If our definition of "control" is that humans should complete every task, then yes: increasing automation decreases control.
However, I'd argue that it's possible for us humans to act upon complex systems at a higher level of abstraction, and that although we have less hands-on control at the object level, this meta-level work confers more control to us as agents.
There are many examples of emergent behaviour in science, where we find it useful to think in terms of abstractions rather than the object level:
- Newtonian mechanics. Allowed us to model the solar system, without knowing about atoms.
- Statistical mechanics. Allowed us to model gases, without saying anything about individual molecules.
- Evolution by natural selection. The maths of which would apply to any lifeform which reproduces with random variation: alien or terrestrial, carbon- or silicon-based.
We also see the same pattern in daily life:
- Delegation in a company. The CEO asks her team to complete projects, without knowing or caring what each individual action ends up being. This allows her to focus on hiring, strategy, fund-raising, partnerships, …
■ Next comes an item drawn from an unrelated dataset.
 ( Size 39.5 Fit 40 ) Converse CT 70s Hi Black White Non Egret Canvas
- Labour-saving gadgets in the home. A 1950s housewife would have been responsible for cooking, cleaning, childcare, grocery shopping, and a thousand other things. However, she probably wouldn't have had the benefits of a vacuum cleaner, a washing machine, a tumble dryer, or a dishwasher. Certainly she wouldn't have had a microwave or an app to get ready-made meals delivered to the front door. With modern automation, women are more able to make other choices, like joining the workforce to become more independent. Perhaps she continues her education or is simply more able to socialise. Perhaps she becomes the CEO in the previous point.
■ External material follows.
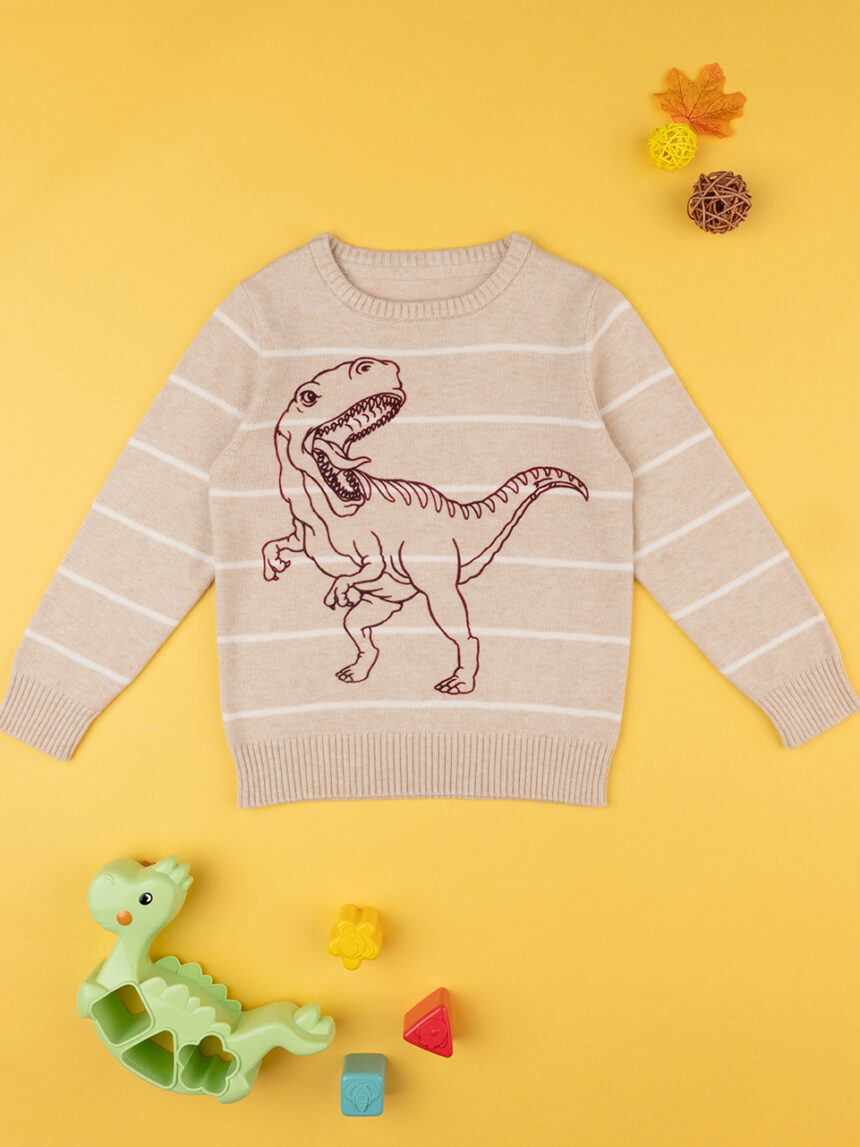 παιδικό πουλόβερ μπεζ ριγέ με δεινόσαυρο για αγόρι - Prénatal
In both of these examples, abstraction and automation have removed tasks from a human's to-do list, but as a result they gain meaningful control over their work and their lives.
So everything's OK then?
In Critch's stories, two key things happen as automation is increased:
- We need to start worrying about how well-aligned each AI system is with our values
- The AI systems start communicating between themselves
1. The alignment problem
Critch's stories are (knowingly) optimistic here, in that he basically assumes that we have solved the single/single alignment problem. Specifically, each AI system is assumed to have been created by careful, well-meaning humans to serve sensible, limited goals, and that they're pretty well-aligned to their creators' goals.
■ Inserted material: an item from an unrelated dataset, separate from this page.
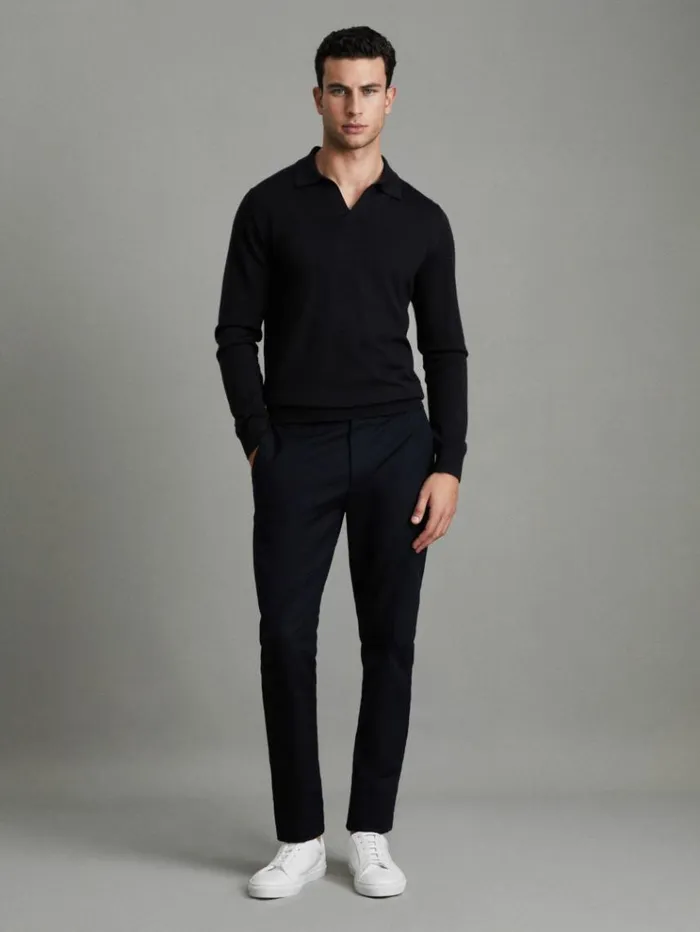 REISS Sweaters Men Merino Wool Open Collar Polo Shirt Navy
CAIS is an example of an attempt to better-define such a outcome – where AIs exist as a suite of tools for us to choose from.
Unfortunately, as AIs become more capable, even anodyne goals can result in extremely undesirable behaviour. For example, Bostrom's instrumental convergence thesis, or Gwern Branwen's arguments that even limited tool-style AIs are incentivised to start acting like agents.
2. Unfettered communication between agents
Even after assuming that the agents are well-aligned with their creators' preferences, the increasingly inscrutable interaction between automated agents is disempowering for humanity.
Chattering AI systems can negotiate complex multi-party decisions faster than we can comprehend, due to increased communication bandwidth and efficient encoding of information.
Additionally, although we might have some model about what our agent's goals are, the same won't be the case for the other AI agents in the environment. Being able to predict – and therefore control – what the overall complex system does would be extremely challenging with this constraint.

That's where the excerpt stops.